Whether they voted on April 23 for Dennis King or not, small business owners must have been thrilled at the promise that the small business tax rate was going to take a drastic drop from 3.5 per cent all the way down to one per cent by January.
Well, not so fast. King has revised that promise.
As he told CBC P.E.I. recently, the new plan is to phase in the tax break over the next couple of years. In this year’s budget, you could see a half-point reduction in the rate.
In the election, the Greens campaigned to reduce the tax rate by 0.5 per cent.
While in power, the Liberals had a multi-year commitment to reduce the small business tax rate, and did so – from 4.5 per cent, to four per cent and then to 3.5 per cent, where it sits now. They campaigned on a reduction to 2.5 per cent this time around.
So, what happened to the drastic drop to one per cent? Well, a minority government and a platform of collaboration happened.
In 2018, the Greater Charlottetown Area Chamber of Commerce called for a reduction in the tax rate to two per cent – surpassing New Brunswick’s 2.5 per cent rate and giving P.E.I. businesses the lowest rate in Atlantic Canada.
It looks like P.E.I. small businesses will have to wait a while for that to happen.
Cutting business taxes is an obvious way to grow the economy. But small business owners are already feeling the pinch of downtown rents in the range of $3,000 to $4,000 a month as well as minimum wage increases and the same high costs of living we all face.
Of course, no one knew for sure during the election that we were going to end up with a PC minority government.

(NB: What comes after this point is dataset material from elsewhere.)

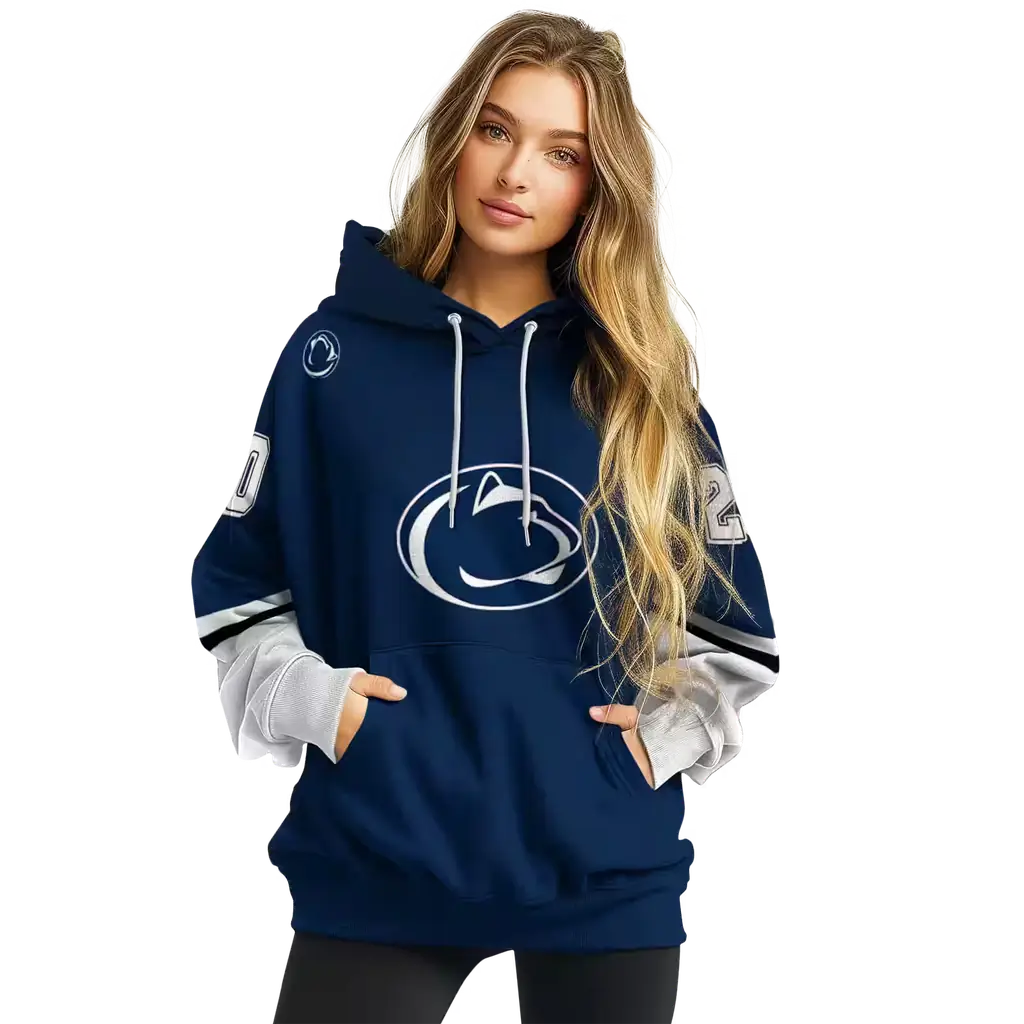 custom penn state nittany lions striped sleeves blue hoodie high quality custom penn state nittany lions striped sleeves blue hoodie high quality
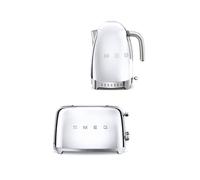 Smeg Tsf01 & Klf04 2-Slice Toaster & 1.7L Variable Temperature Kettle In Silver Silver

But a promise is a promise. And we can suspect that many of the Island business owners and their families who voted for King and the Progressive Conservatives had that tax rate slash in mind.
We can cut King some slack since we are in uncharted waters with a minority government.
If he had a majority, we can take him at his word that the tax rate would have been cut to one per cent by January.
Given the impact that drastic of a cut would have had on tax revenue for government programs and services, that cut may have been too much and too soon.
Even so, it raises the question of what we can believe in an election campaign, especially if the race is close.
ultimately, when collaboration leads to a broken campaign promise, we’re in the dark about how policy decisions are made. King was given the keys to govern the province, but this makes us wonder who is steering the ship.